Order–disorder transition induced by surfactant micelles in single-walled carbon nanotubes dispersions
Review by Bryan Hassell: AP 255 Fall 11
From: Order–disorder transition induced by surfactant micelles in single-walled carbon nanotubes dispersions, E. Nativ-Roth et. al, Soft Matter, 2010, 6, 5289–5292
Single walled carbon nanotubes (SWNT) with their all-carbon composition and interesting geometries are characterized by a unique combination of electrical and mechanical properties. To utilize their properties, you have to disperse them in aqueous media for various applications. It's becoming evident that the coupling between molecular and colloidal interactions leads to non-trivial structures when the dimensions and geometry of the nanostructures are commensurate. The results that this group showed used transmission electron microscopy at cryogenic temperatures (Cryo-TEM) and was of spontaneously formed microns-long islands of orientationally ordered SWNT in macroscopically homogeneous dispersions of ionic surfactant micelles.

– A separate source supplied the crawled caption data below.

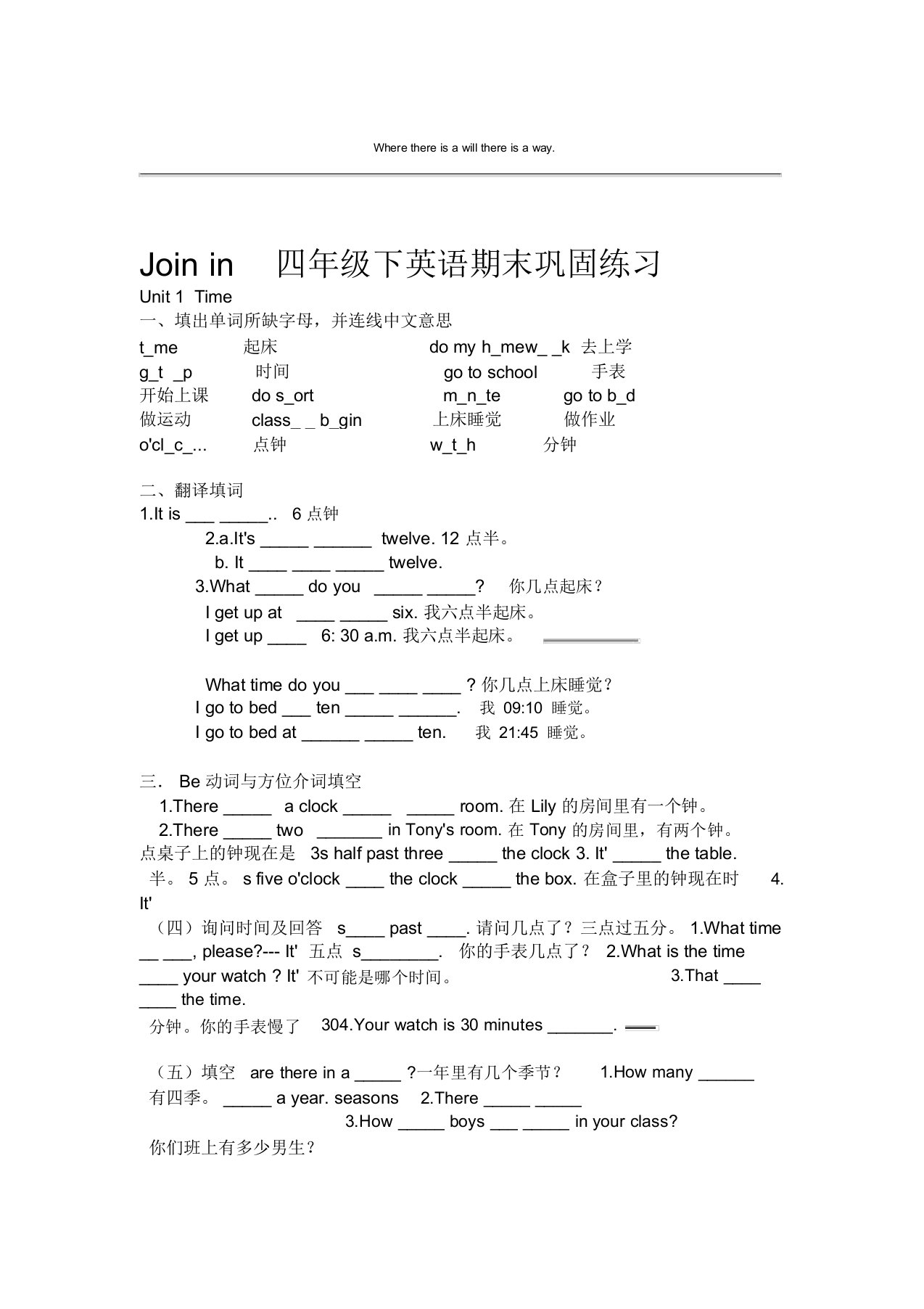 完整版Joinin四年级英语下学期末备考操练详细版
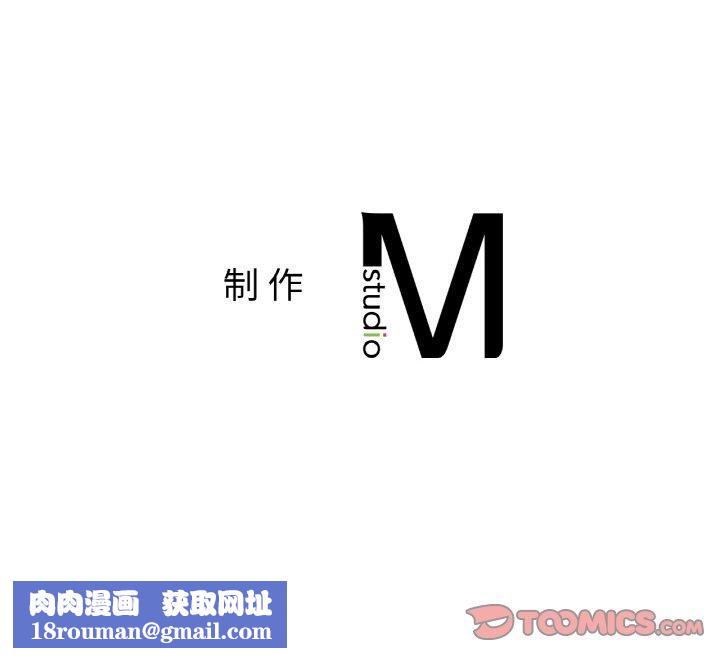 冰上恋人第46話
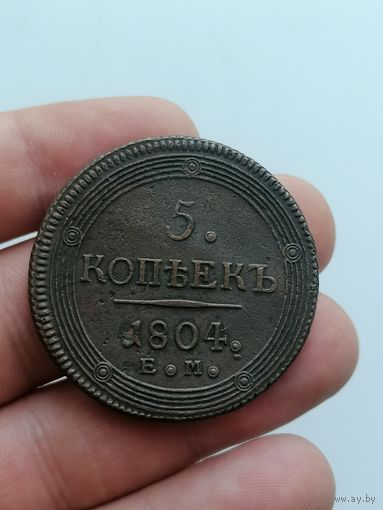 5 копеек 1804 год кольцевик, красивый, торги с Рубля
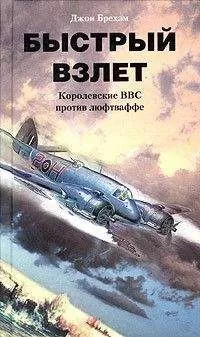 Джон Брехэм - Быстрый взлет. Королевские ВВС против люфтваффе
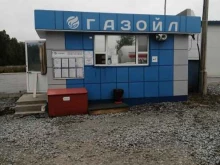 Заправочные станции Газойл в Ачинске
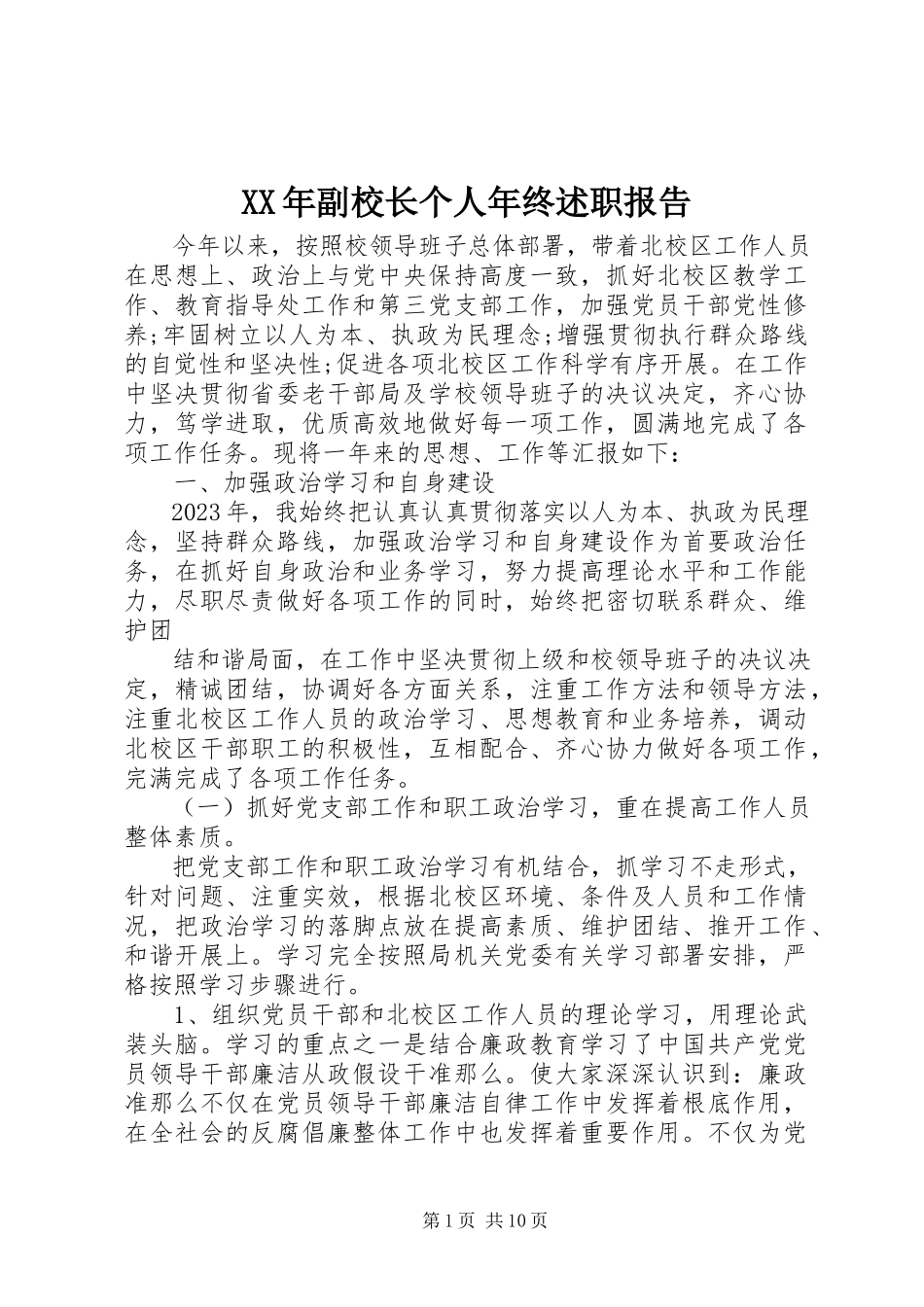 2023年副校长个人终述职报告.docx_第1页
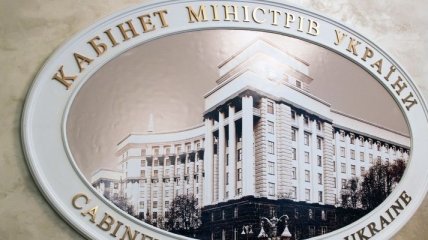 Кабмин зарегистрировал в ВР поправки в "закон Савченко"
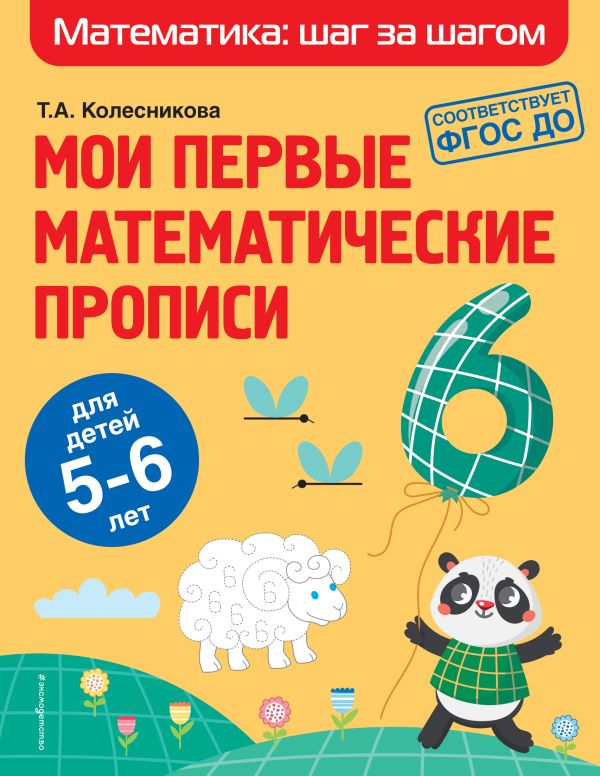 Мои первые математические прописи: для детей 5-6 лет. Колесникова Татьяна Александровна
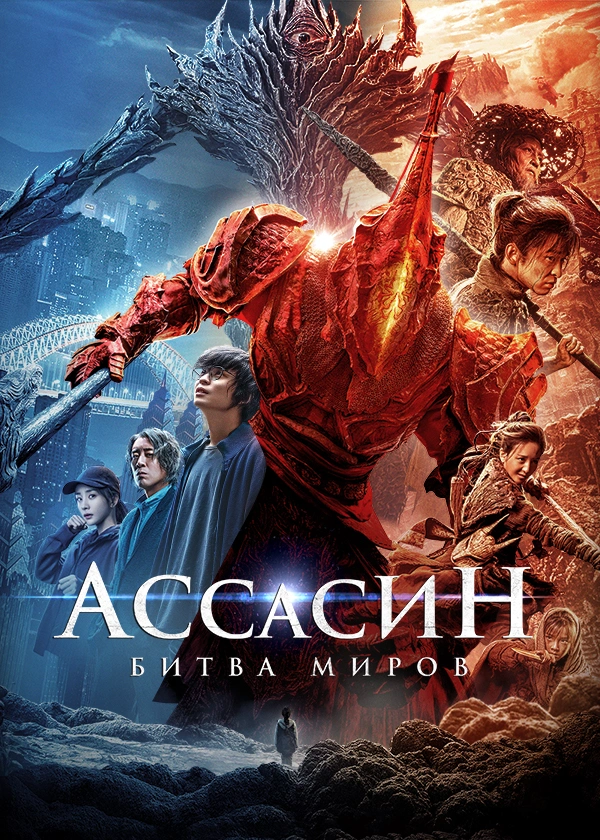 Ассасин: Битва миров
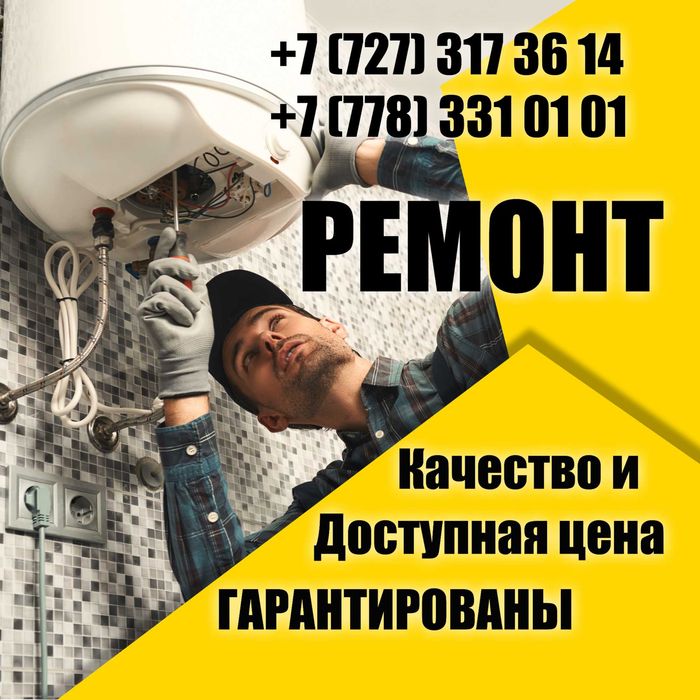 Ремонт духовок Алматы.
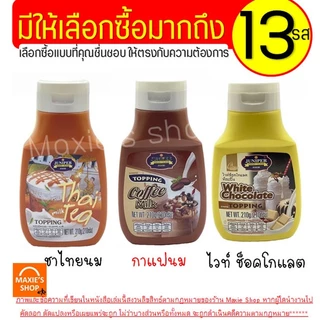 🔥ส่งฟรี🔥 ท็อปปิ้ง Juniper มีให้เลือก12รสชาติ! 210/500g จูนิเปอร์ท็อปปิ้ง ทอปปิ้ง ทอปปิง ท็อปปิ้งเครื่องดื่ม Winner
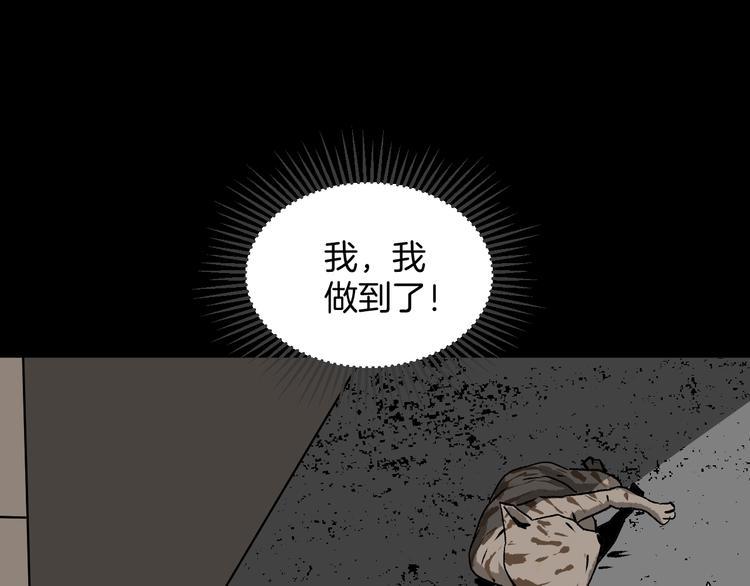 第7话 猫的报恩（2）33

In Fig. 1a, b and d they present images taken from dispersions of SWNT(0.5–1 wt%) in solutions of spherical micelles of an ionic surfactant, cetyl trimethyl ammonium bromide (CTAB). The solution concentrations are above the critical micelle concentration (cmc) of the native surfactant but within the isotropic phase of the spherical micelles and far from their liquid crystalline (LC) transition. The SWNT dispersions are optically isotropic, and the viscosity of the dispersion is similar to that of the native surfactant solution.